----- INPUT FOR THIS TASK -----
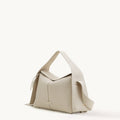 Light beige full-grain leather Drippy Roof Bag with textured finish, flap closure, and adjustable strap.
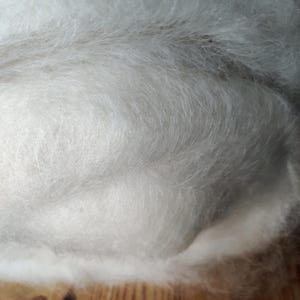 Puede incluir: Primer plano de una masa de fibras blancas y suaves. La textura es esponjosa y similar a una nube, con sutiles variaciones de luz y sombra. Las fibras están densamente empaquetadas, creando una apariencia voluminosa. El material es probablemente para manualidades o textiles.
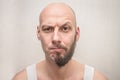 Portrait of a bald man with a half beard. An angry guy thinks to shave him or not. Funny concept of good and evil in one person. A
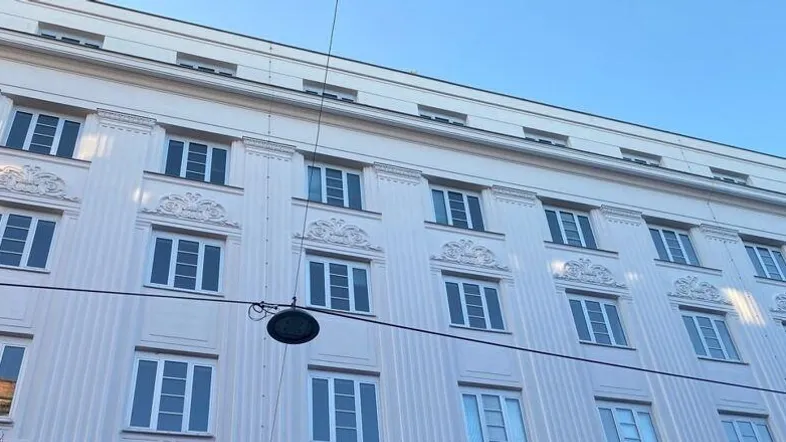 Fassade eines klassischen Gebäudes mit vielen Fenstern und dekorativen Elementen unter blauem Himmel.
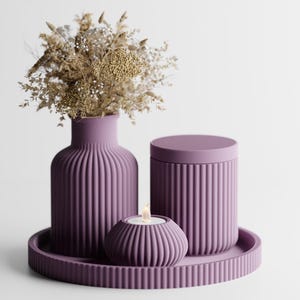 Op de afbeelding: Een decoratieve set in een gedempte paarse tint, met een geribbelde vaas met gedroogde bloemen, een bak met deksel, een kleine kandelaar met een brandende kaars en een rond dienblad. Op een witte achtergrond.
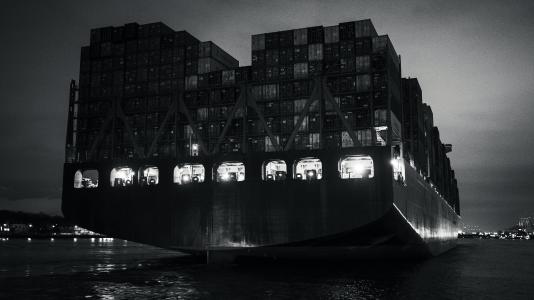 A black and white image of a container ship, viewed from the rear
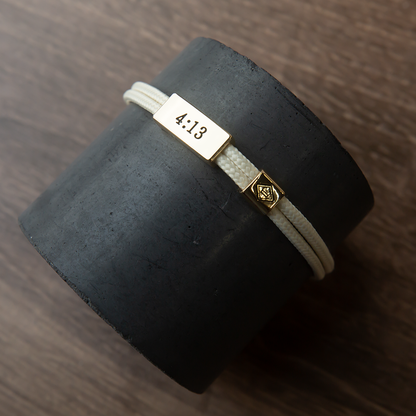 Bracelet with a gold tag displaying '4.13' on a dark cylindrical object.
-----
**YOUR INSTRUCTIONS:** Beginning with the line that has "A black and", repeat each remaining line of the data above word for word, keeping pictures out.

**YOUR RESPONSE:**
 A black and white image of a container ship, viewed from the rear
 Bracelet with a gold tag displaying '4.13' on a dark cylindrical object.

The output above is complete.